CC: I didn’t let David go. David went. We could have tried to hang onto him, but he wanted to go. It wasn’t a question of not trying. It was a life decision for him and you can’t blame a person. When you do something for so long and you reach a point in your life, certainly around your 40s, you’re going to want to try something else. You’re never going to have another chance to be at that point in your life, so I don’t hold it against him at all. And I still think we’re doing great work. I think the reason that Fox brought the show back this year – and it was their decision to bring the show back – was because our ratings were still good and we were doing good work and David was only in roughly half the shows last year. It looked like the franchise was still very strong. That’s the reason I came back. I didn’t have to come back this year. The reason I came back was because I thought we had an opportunity to do good work and maybe even recast the show, as it were, in every sense of the word.

XFM: Some people think the spirit of the show changed when the production relocated from Vancouver to Los Angeles. What are your thoughts on that issue?

CC: I disagree. We actually had more resources in Los Angeles, resources we didn’t have in Vancouver. I thought we had more to work with, but you can look at it as pre-movie and post-movie. I look at it that way, but I think there was so much good work done after the movie on this show that it’s hard for me to look at it that way. It changed, but I don’t think it actually meant that it changed for the worse. And every show has its season. You know, every show is built on a curve, unless you’re The Simpsons, which seems to have a never-ending curve.

XFM: Why do you think The X Files works so well all over the world?

CC: Because people are scared of the same things. I think scared travels across borders very well and I want to knock some wood right now because I’m very fortunate to have created something that everyone seems to like. I get to write what I’m interested in and people like it, so that’s one of those miracles.

XFM: Would you do another TV series?

CC: If it were the right series and the right task with the right people. If I could surround myself with the right people. I’ve got lots of ideas.

XFM: Which episodes from the last season have you been most pleased with?

CC: You know, I’ve been happy with the whole year. I’m trying to think of a specific episode that stands out for me and the one I’m thinking of right now is Improbable, the Burt Reynolds one. It’s very close to my heart because I wrote it and directed it and got to direct Burt. He’s Burt, so I have to say that’s a standout because it does what the best X-Files episodes do, which is to expand this sort of storytelling possibility, meaning I’m telling a story we’ve never told before. That’s the beauty of the show. And if you’re asking me why I seem disappointed [that the series is ending], it’s because the show’s format and storytelling structure was so incredibly elastic. It was a comedy. It was an intense drama. It was a melodrama. It was a horror show. It was a thriller. It could be so many different things and so that’s what I’ll miss.

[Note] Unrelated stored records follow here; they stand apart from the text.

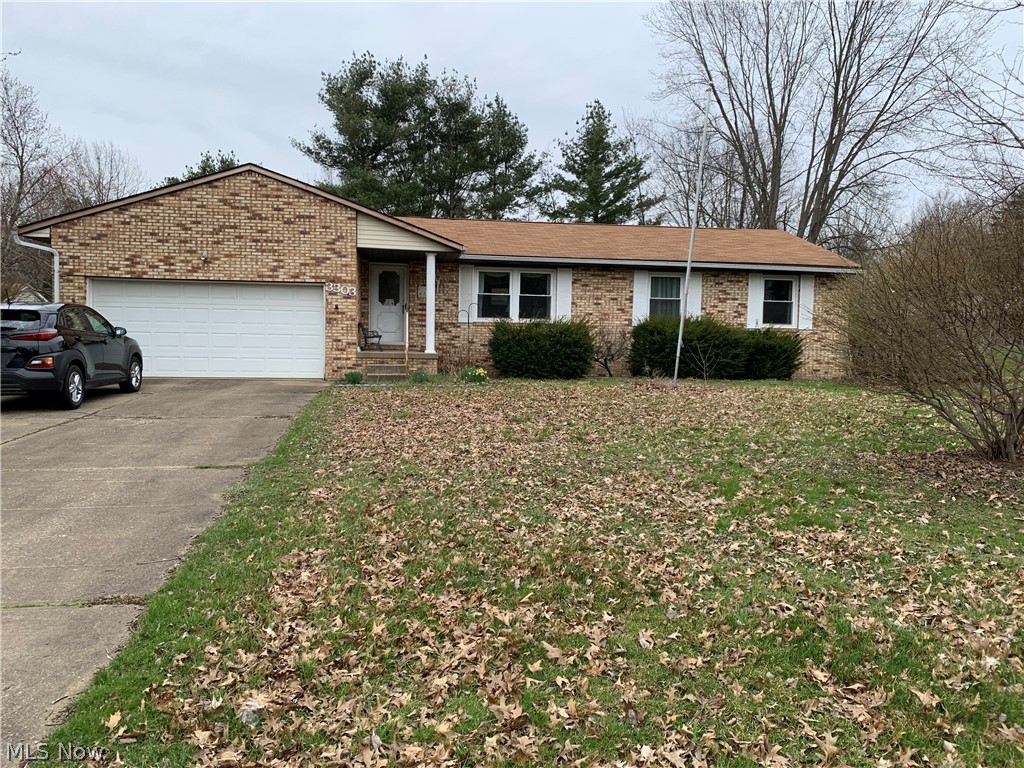 3303 Wright Road Northwest Uniontown, OH 44685 - Photo 1 of 10 Front Outside View - 3303 Wright Rd NW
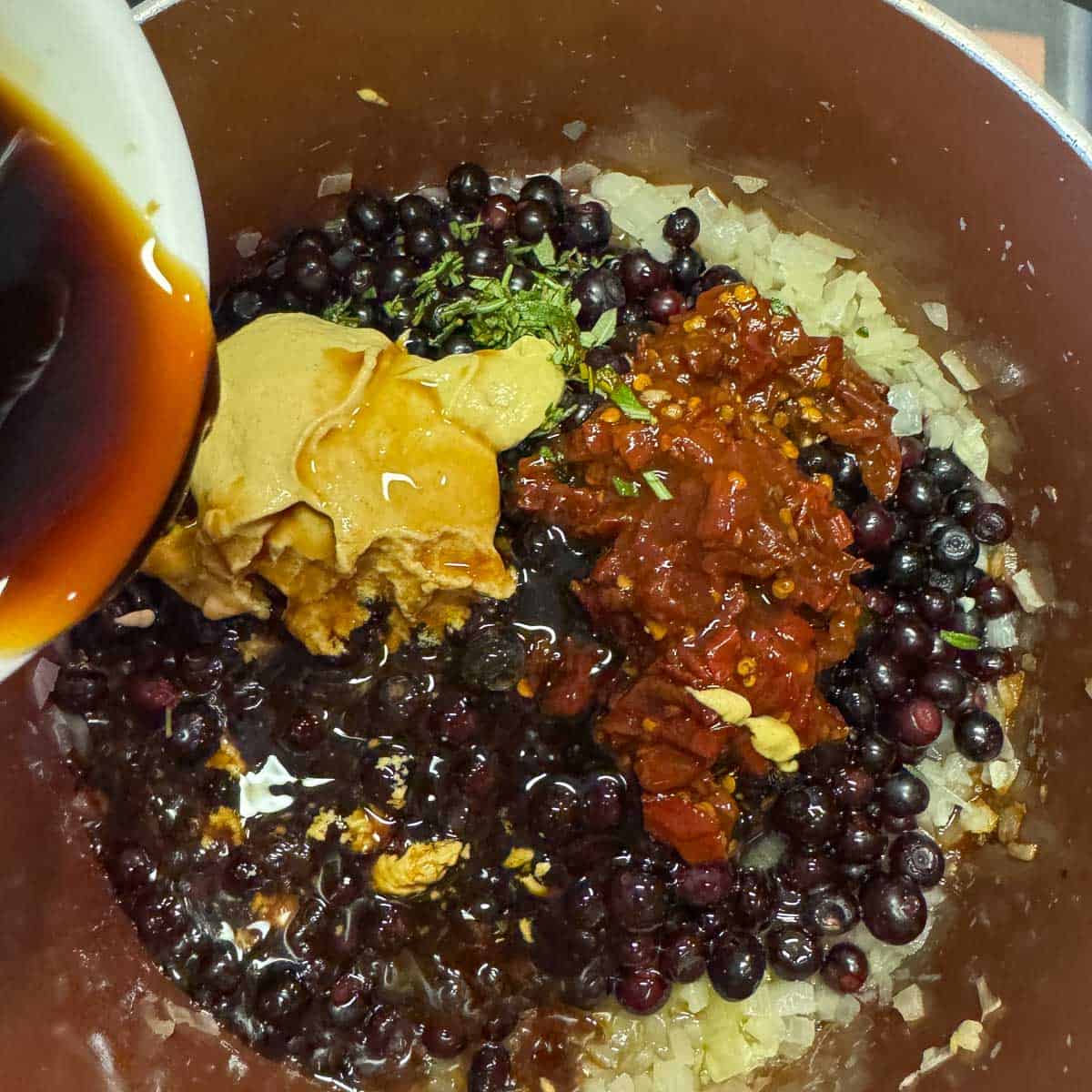 adding balsamic vinegar to huckleberry chicken ingredients.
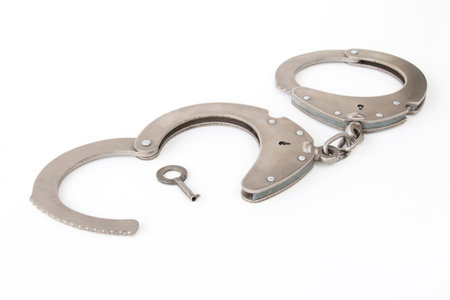 handcuffs with a key in the form of a heart, on a white isolated backgroundの写真素材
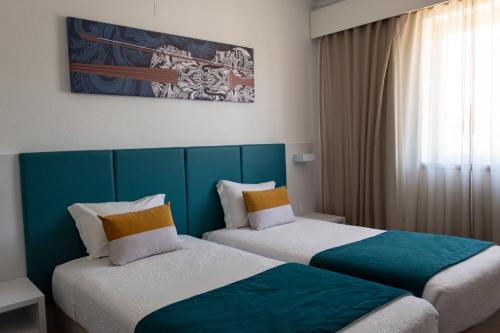 duas camas num quarto de hotel com azul e branco em Hotel Santa Cecília em Fátima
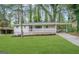 Charming brick home with a covered porch, carport, and well-maintained lawn at 1380 Margarette Dr, Decatur, GA 30035
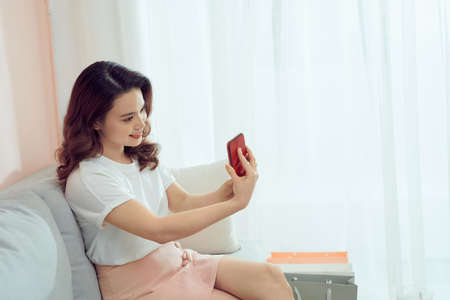 Smiling business woman taking photo using cell phone in home officeの写真素材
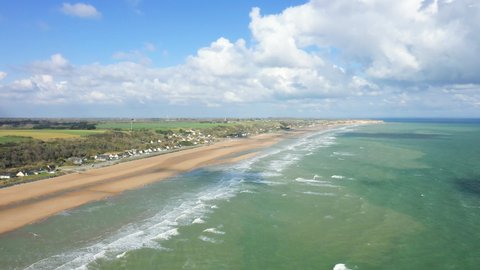 The landing beach of Omaha beach dominated by its immense cliffs in France, Normandy, Calvados, at the edge of the Channel, in spring.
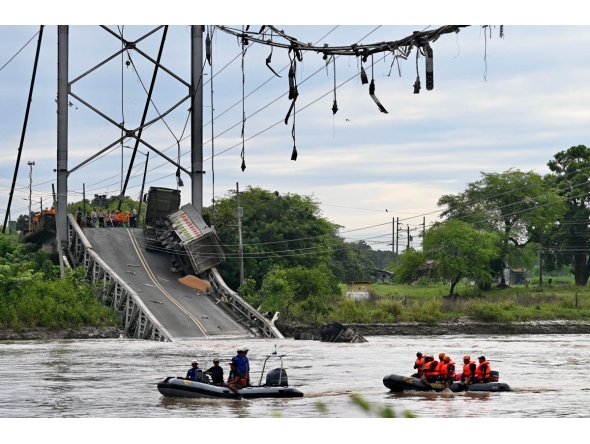 In this aerial view rescuers search for missing persons after a suspension bridge collapsed in Duale, Guayas province, Ecuador on March 20, 2025. The collapse in Ecuador of a busy 200-metre-long suspension bridge carrying several vehicles left at least one dead, five injured and two missing, authorities said in a new assessment on Thursday. (Photo by MARCOS PIN / AFP)
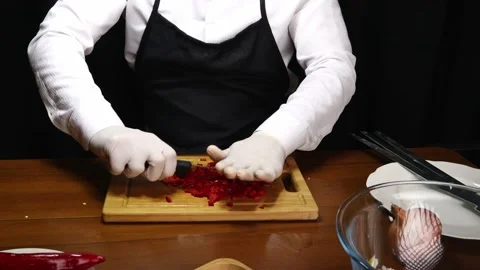 Chef cuts red peppers 스톡 동영상 190080341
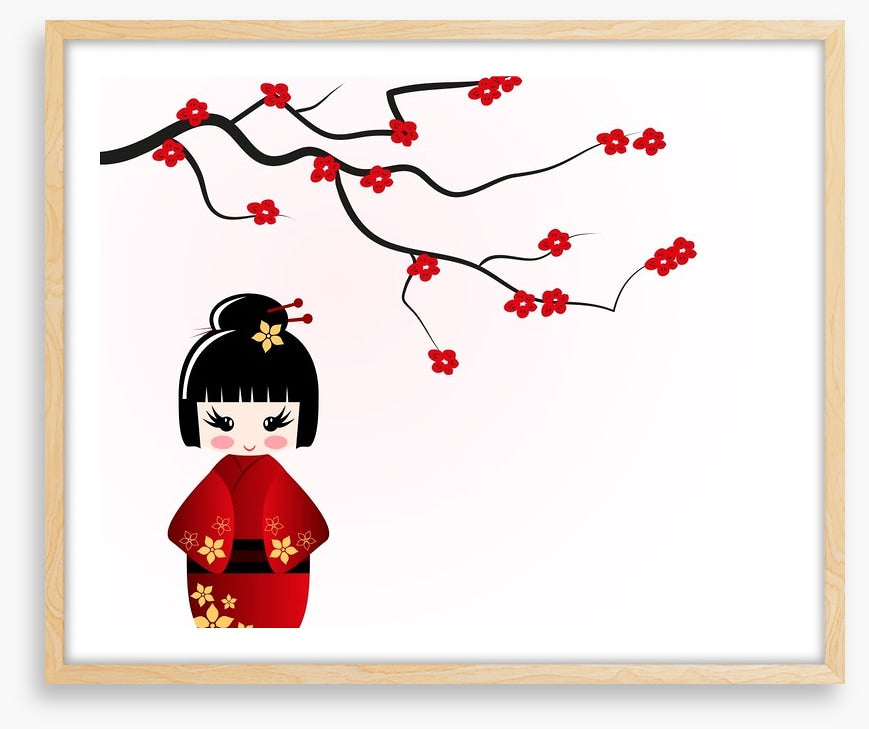 Kokeshi doll under sakura branch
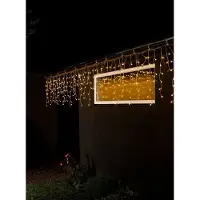 Konstsmide Barriera luminosa a LED per pioggia di ghiaccio, con globi bianchi, 400 diodi color ambra, 24V, per esterni (IP44), cavo trasparente
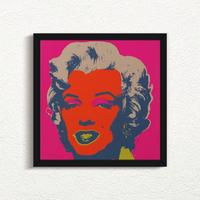 this is an image of a sunday b morning print after andy warhol, titled 'marilyn 11:22' in a black frame. the artwork features a screenprint of marilyn monroe's face in red, navy blue, yellow and beige on a hot pink background. this is a sunday b morning marilyn monroe print for sale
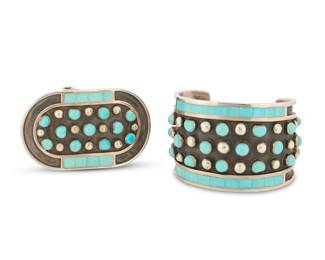2021 A set of Jobeth Mayes Zuni sterling silver and turquoise jewelry Jobeth D. Mayes (b. 20th century, Zuni Pueblo) Late 20th century Each with etched signature: Jobeth Mayes Maize / Zuni / [cornstalk]; cuff etched: Size 5 1/2 Comprising a wide cuff bracelet with three rows of shadow set turquoise cabochons alternating with applied silver balls, and edged with turquoise mosaic channel inlay, together with a matching oval belt buckle 2 pieces Cuff: 6.625" total inner C x 1.875" H, gap:1.375"; Buckle: 1.75" H x 2.875" W, belt bar: 1.375" 120.4 grams gross Estimate: $400 - $600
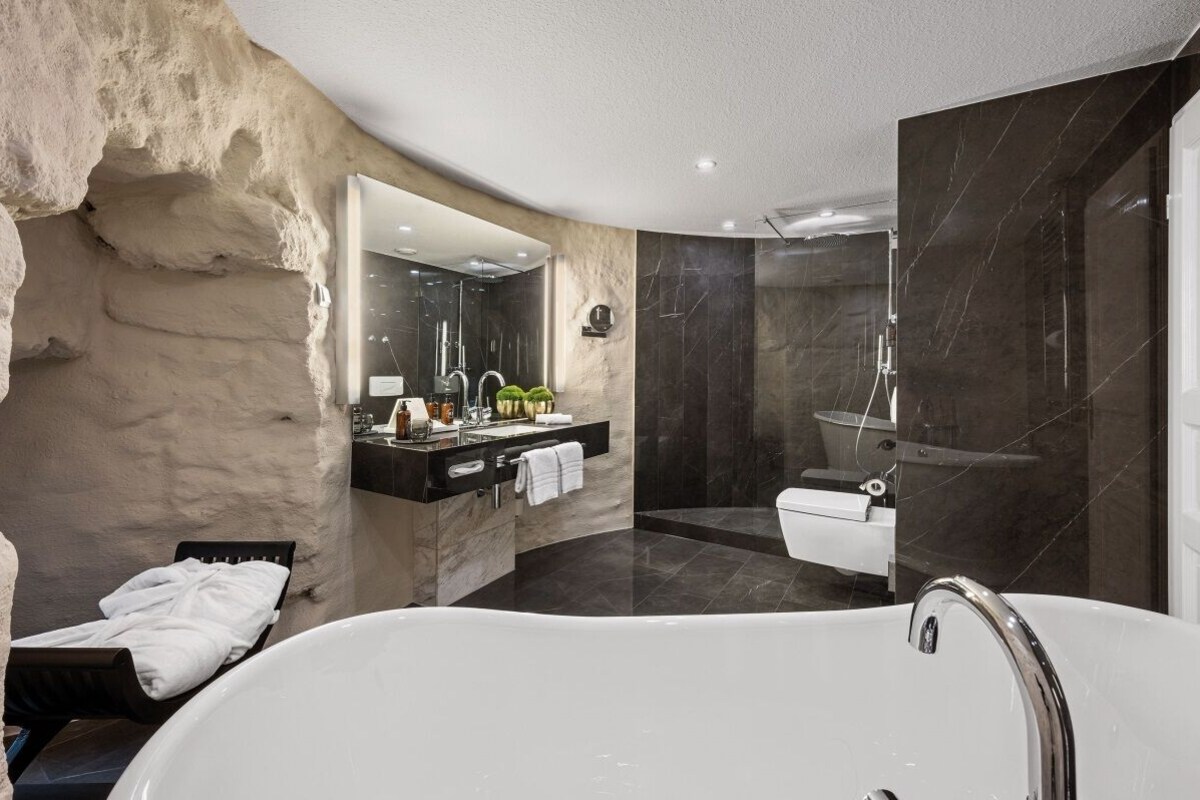 A modern bathroom with a freestanding bathtub, a vanity with a mirror, and a shower area.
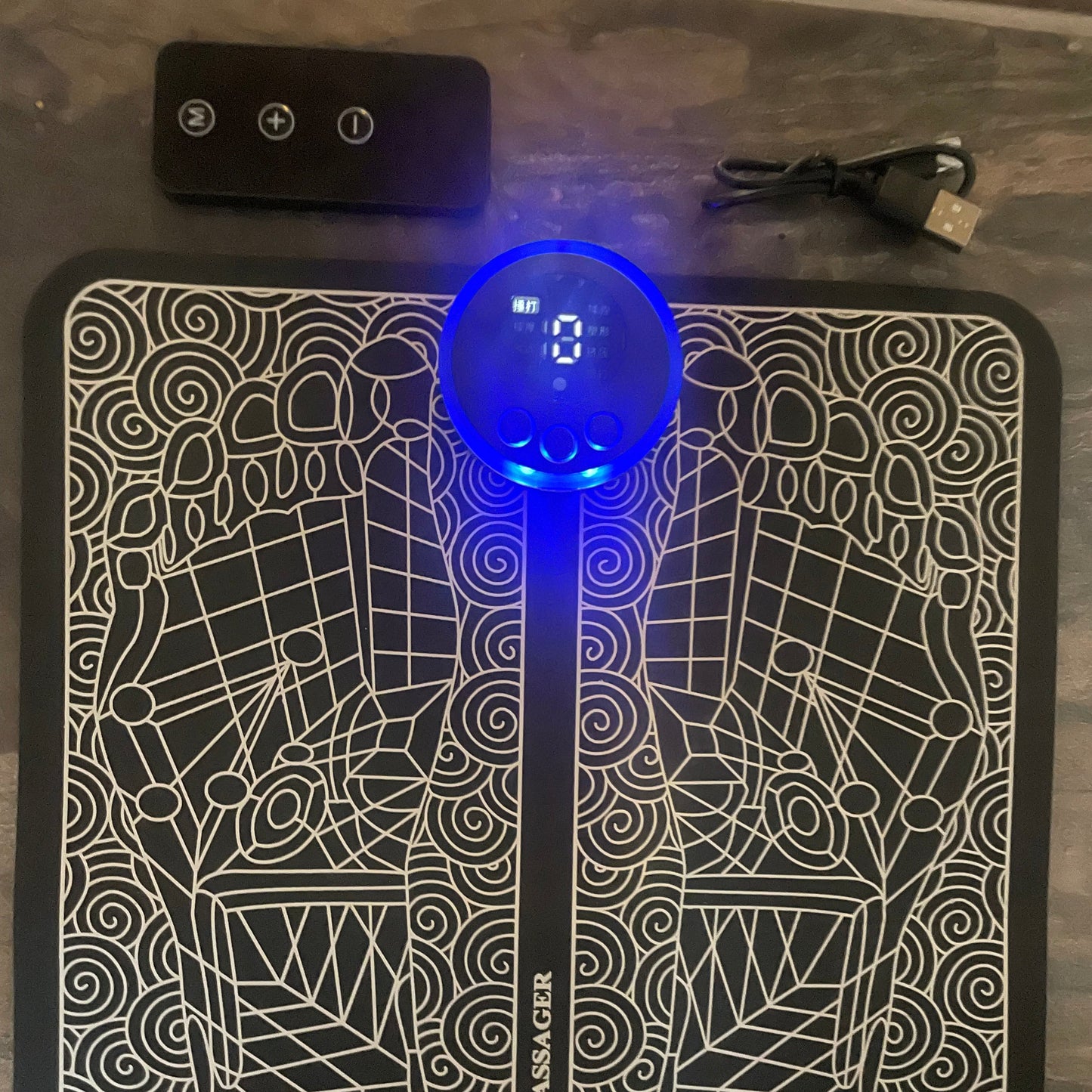 EMS fotmassasjematte med digitale kontroller, avbildet på etgulv sammen med en fjernkontroll og en USB-ladekabel. Matten har et dekorativt mønster med fotrefleksologi-design og en opplyst LED-skjerm i midten.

XFM: It’s got to be strange dealing with the finale. What’s the experience been like for you?

CC: It’s interesting because we’ve gone so far from where we began and now, as I’m going back to where we began, it feels like just yesterday that we were there. This mythology that people always think is very convoluted and confusing, it actually all makes perfect sense. That, I think, will be very satisfying, that there’s a beautiful structure to it all.

XFM: Did running your own show ever give you nightmares? Did you ever wake up in the middle of the night?

CC: My trouble is going to sleep. I’m a very light sleeper. I don’t sleep very much and so I tend to lie there and I work a lot even when I’m in bed.

XFM: So that’s where your creativity comes from?

CC: Yeah, that and the bathtub.

XFM: You’ve written countless episodes of The X-Files and directed a batch over the years as well. Do you have a preference, writing over directing or vice-versa?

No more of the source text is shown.